Regardless of different EU policies on the issue among different EU member states, the Serbian media practice to date does not leave room for optimism.

If you are a client of SBB cable, you do not have any of the four Arena Sport channels on offer that are owned by Telekom Srbija. If you have Telekom Srbija’s Open IPTV, you do not have Sport Club in your offer that is an SBB channel. Moreover, B92 Info, a rival cable channel to N1, has been removed from SBB’s basic cable package.

Potential consequences

This issue raises concerns about how the Serbian media market will look in the future if United Group abuses its position. Telecommunications companies in Serbia are financially stronger than media outlets, especially SBB, which has the backing of KKR, as one of the world's largest private equity companies, managing funds exceeding $50 billion.

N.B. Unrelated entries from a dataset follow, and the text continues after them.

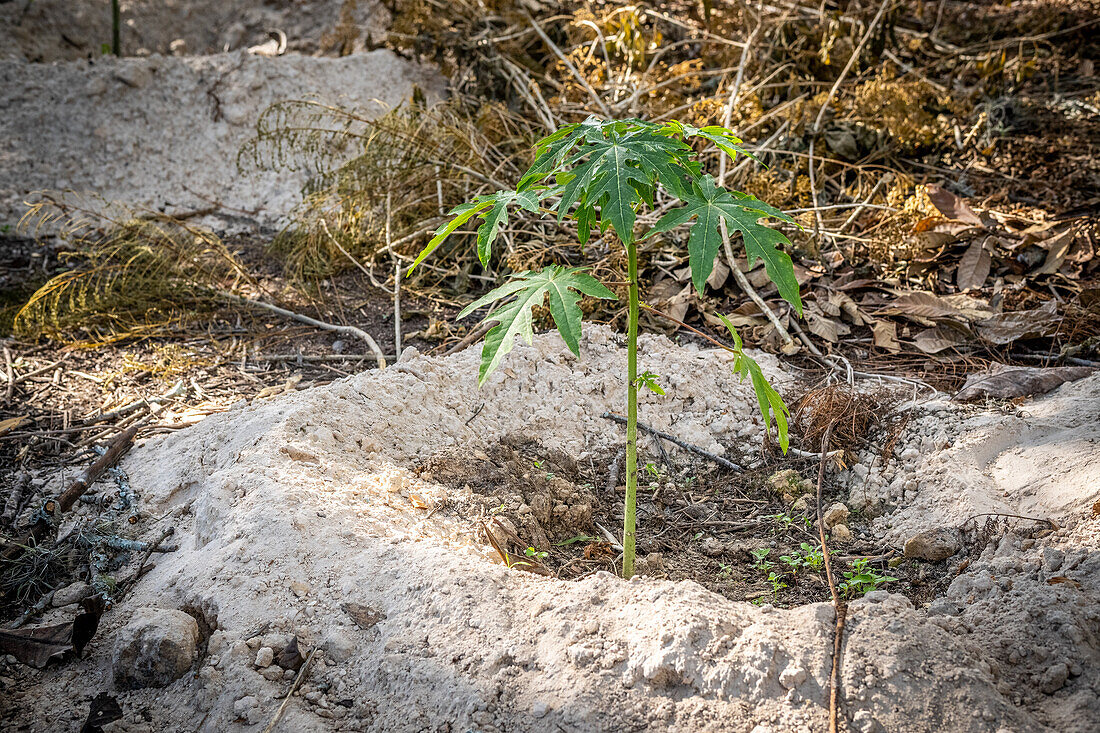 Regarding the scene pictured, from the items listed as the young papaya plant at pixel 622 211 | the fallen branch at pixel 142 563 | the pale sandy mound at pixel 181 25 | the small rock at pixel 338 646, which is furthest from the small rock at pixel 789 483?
the pale sandy mound at pixel 181 25

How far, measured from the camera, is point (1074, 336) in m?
2.99

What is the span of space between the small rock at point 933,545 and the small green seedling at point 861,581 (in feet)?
0.44

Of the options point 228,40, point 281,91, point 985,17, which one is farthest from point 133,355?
point 985,17

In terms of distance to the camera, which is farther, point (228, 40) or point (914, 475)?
point (228, 40)

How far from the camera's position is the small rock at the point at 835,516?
221 centimetres

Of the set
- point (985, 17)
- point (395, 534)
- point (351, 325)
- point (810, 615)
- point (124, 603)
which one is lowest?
point (351, 325)

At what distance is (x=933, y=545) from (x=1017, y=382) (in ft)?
3.39

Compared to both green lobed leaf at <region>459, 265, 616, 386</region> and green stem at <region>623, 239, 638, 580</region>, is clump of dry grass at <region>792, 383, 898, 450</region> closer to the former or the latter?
green stem at <region>623, 239, 638, 580</region>

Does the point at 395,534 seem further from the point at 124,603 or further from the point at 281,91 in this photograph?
the point at 281,91

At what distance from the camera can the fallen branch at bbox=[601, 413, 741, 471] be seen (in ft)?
8.28

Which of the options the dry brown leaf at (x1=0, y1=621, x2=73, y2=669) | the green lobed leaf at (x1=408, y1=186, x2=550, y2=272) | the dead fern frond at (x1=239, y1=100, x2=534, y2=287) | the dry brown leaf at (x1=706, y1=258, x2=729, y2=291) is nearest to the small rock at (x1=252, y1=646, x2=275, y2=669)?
the dry brown leaf at (x1=0, y1=621, x2=73, y2=669)

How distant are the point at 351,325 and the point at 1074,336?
11.5 ft

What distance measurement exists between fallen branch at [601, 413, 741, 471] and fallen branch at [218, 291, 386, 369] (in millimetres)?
1217

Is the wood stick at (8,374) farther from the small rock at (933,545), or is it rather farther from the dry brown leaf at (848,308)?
the dry brown leaf at (848,308) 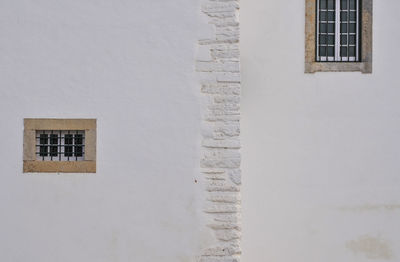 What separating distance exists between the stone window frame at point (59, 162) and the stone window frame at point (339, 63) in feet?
8.23

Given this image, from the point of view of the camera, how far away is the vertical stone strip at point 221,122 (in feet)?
17.5

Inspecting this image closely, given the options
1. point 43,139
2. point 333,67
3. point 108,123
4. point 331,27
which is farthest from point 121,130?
point 331,27

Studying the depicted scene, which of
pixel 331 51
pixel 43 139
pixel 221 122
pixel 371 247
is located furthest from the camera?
pixel 331 51

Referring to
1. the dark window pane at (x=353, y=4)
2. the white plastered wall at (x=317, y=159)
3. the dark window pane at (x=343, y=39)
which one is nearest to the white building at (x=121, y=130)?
the white plastered wall at (x=317, y=159)

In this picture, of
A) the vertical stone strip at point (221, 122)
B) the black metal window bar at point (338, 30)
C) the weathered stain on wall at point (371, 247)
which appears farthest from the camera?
the black metal window bar at point (338, 30)

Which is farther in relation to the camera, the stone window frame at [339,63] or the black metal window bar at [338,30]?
the black metal window bar at [338,30]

Slobodan Kremenjak, an expert in media law, says that, on the positive side, it will be difficult to exert pressure on someone who is financially powerful. “On the other side, who can guarantee that the power will always be used in the public interest, not the interests of the KKR?” Kremenjak asked.

Djordje Krivokapic, head of the legal department at Share foundation, pointed to the conflict between two basic principles -- public interest in the field of information and the freedom of free enterprise. “As an operator with a significant market share, SBB has a very good negotiating position in relation to any distributor of media content and there is no equality in the talks,” Krivokapic said.

Experts agree that the key question now is how strong and competent the country’s regulatory bodies are to deal with these risks.  

The public is likely to end up paying the price for such legislation. University professor Stanko Crnobrnja reminded that SBB, as the country’s largest cable operator, first bought the biggest entertainment production company in Serbia, Grand Production in February 2014, and then introduced news programming affiliated to CNN.

“Producing the highest rated entertainment and highly influential news, and controlling the distribution of all other content at the same time, seems to be a sure winner,” says Crnobrnja.

According to him, not many players on the Serbian market will be able to confront this newly devised media powerhouse.


Bojan Vucicevic also contributed to this article.